Have any of these bugs been completely based on speculation, or is it always speculating across privilege boundaries? (Although I feel like even the former isn't same, e.g., if you're in some form of VM attempting to maintain privilege separations.)
It's related. If you want decent performance with pipelining, you're going to want to speculate at least a bit -- assume that FP math doesn't trigger exceptions, assume that you predicted branches correctly, assume that memory accesses don't fault, etc.
Intel does more speculation, but you won't find anything beyond the tiniest embedded CPUs which don't do any.
E.g. this new one can only be reproduced on Intel, not on AMD and ARM.
If you want to ban speculative execution for everything, you need to make the case that it's a fundamental issue and not an implementation specific issue.
Right now, that's not the case for many of these vulnerabilities.
As I understand it, the Intel only vulnerabilities, Foreshadow/L1TF, and this set which I've not looked at the details of yet, are targeting specific Intel features, and there's no reason to believe a similar focus on the other companies' products wouldn't also find unique problems.
For example, the first version of Foreshadow went after the SGX enclave. Given how widespread Meltdown and Spectre bugs are, there's absolutely no reason to believe that the other vendors don't have similar unique problems.
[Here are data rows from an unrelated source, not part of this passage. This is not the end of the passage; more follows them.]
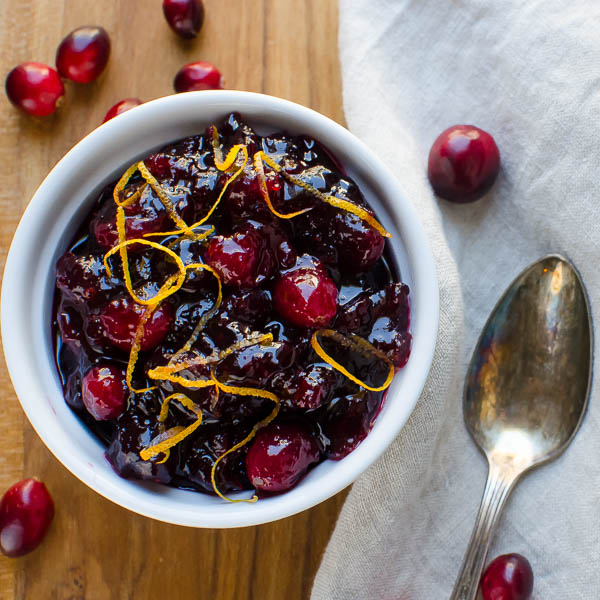 Holiday Cranberry Sauce in a dish with spoon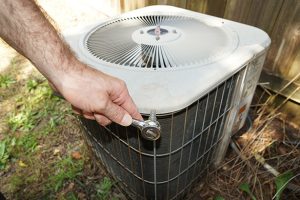 Removing screws from air conditioning condenser unit fan assembly housing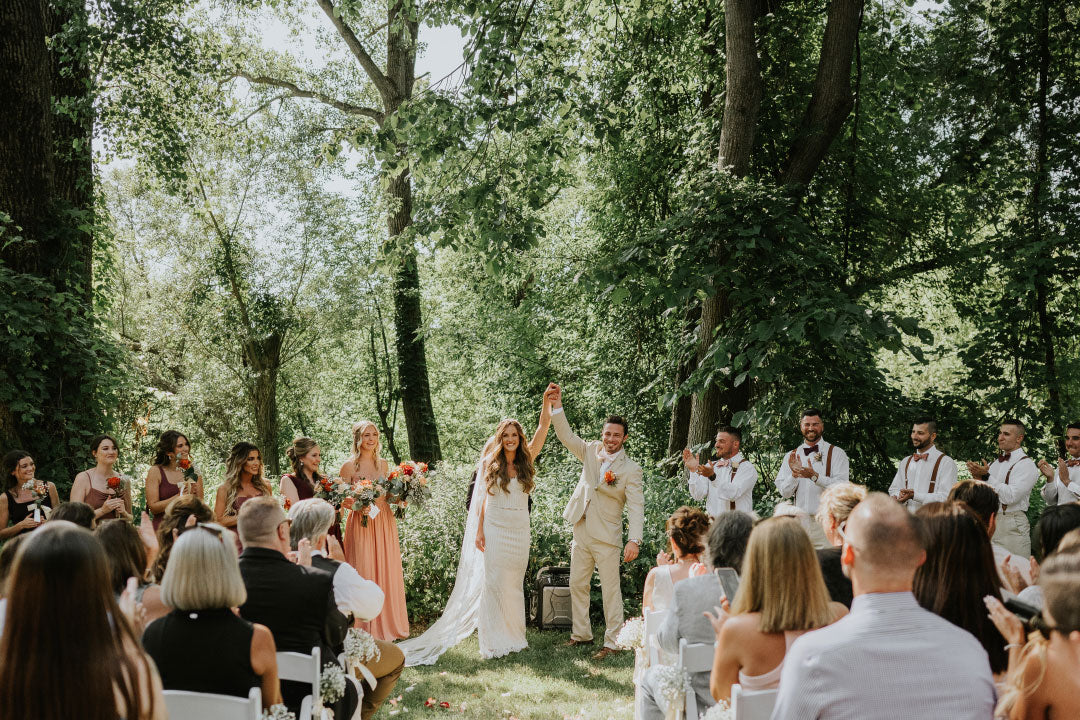 Bride and groom lift hands and celebrate after ceremony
As you say, only the first Foreshadow attack went after SGX - it turned out to be a broader flaw that also affected OS page table protections more generally and could be used to attack process-OS and VM-hypervisor isolation. Those variants relied only on Intel's implementation of standard x86 paging, and they don't exist on AMD because they didn't implement it in the flawed way Intel did. That is, Foreshadow/L1TF is Intel-only not because it relies on an Intel-only feature, but because it's an Intel-specific implementation flaw. (Linux had to substantially rework its paging code to work around this.)
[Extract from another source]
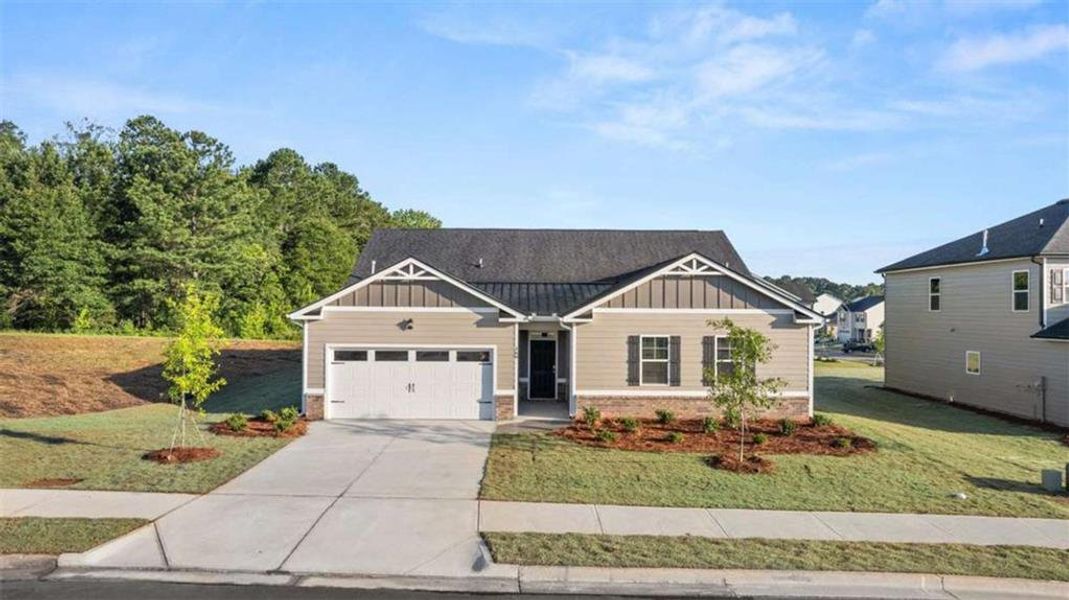 Front exterior of a new home in Preserve at Dove Creek, Statham, GA, highlighting curb appeal (Image 1).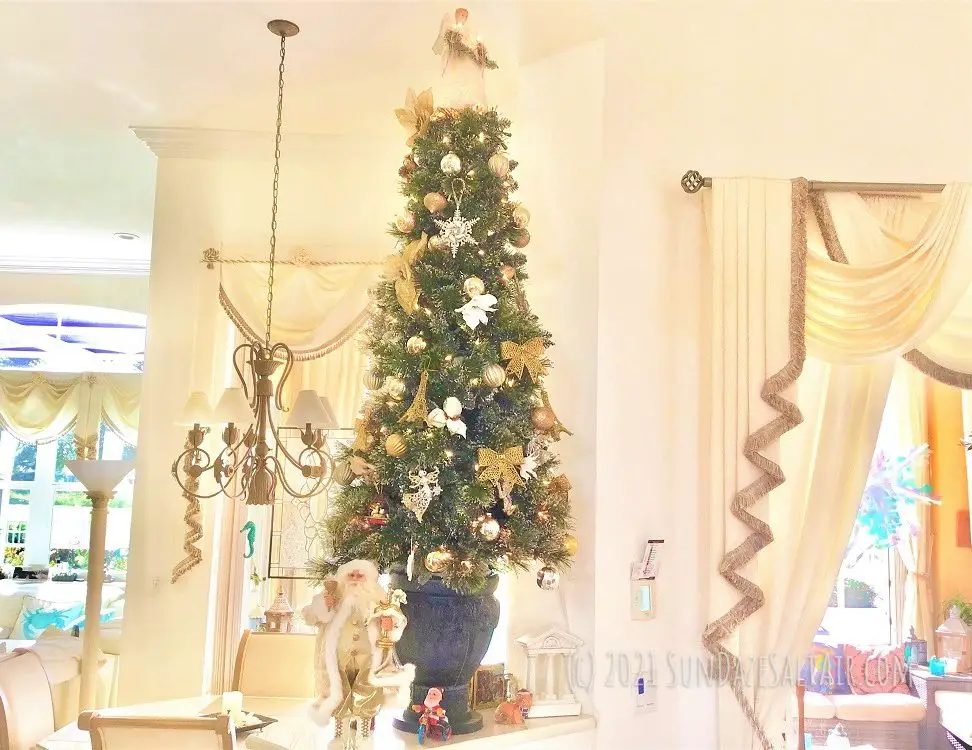 How To Decorate A Room With High Ceilings For Christmas-Place smaller trees on tables & ledges to fill up empty spots with Christmas spirit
AMD don't seem to have commented on ZombieLoad yet, presumably because it's much newer and they didn't have pre-announcement info about it, but they've commented on the other two vulnerabilities announced today and explained that the reason they're not vulnerable is because the corresponding units in their CPUs don't allow speculative data access unless the access checks pass and their whitepaper seems to suggest the same is true of ZombieLoad: https://www.amd.com/system/files/documents/security-whitepap...
SGX does make for an easier and flashier demo for Foreshadow, though, so it makes sense that the researchers went after that target. They managed to recover the top-level SGX keys that all SGX security and encryption on the system relies on, something that I don't think anyone had ever managed before.
Also, as I've said elsewhere, Intel seems to speculatively leak data that shouldn't be accessible pretty much everywhere in their designs where memory is accessed.
" and there's no reason to believe a similar focus on the other companies' products wouldn't also find unique problems."
Sure there is. Just like the first round last year, intel totally through AMD under the bus to save face and stock price. That is the reason to mention AMD literally, to keep their stock price from crashing.
The industry will probably get dragged, kicking and screaming, into using tagged pointers. CPU could then use the information to put safe lid on speculative execution.
And it will be tough as no compiler supports it, moreover C/C++ are architected from the beginnign to not bother with runtime information about object types/sizes.
Ultimately, if we do transparent per process memory encryption, then we can let the CPU do all the speculation it wants, but the result will be gibberish. And it's a lot easier to do a simple key switch than doing a full TLB flush. Of course, it probably doesn't do much against/for the timing attacks (side channels).
My guess is that the performance loss from removing these features would make such CPUs less economical than strictly enforced separation between security domains on a hardware assignment and scheduling level. That is, just forget about having the same server run stuff from different contexts at the same time.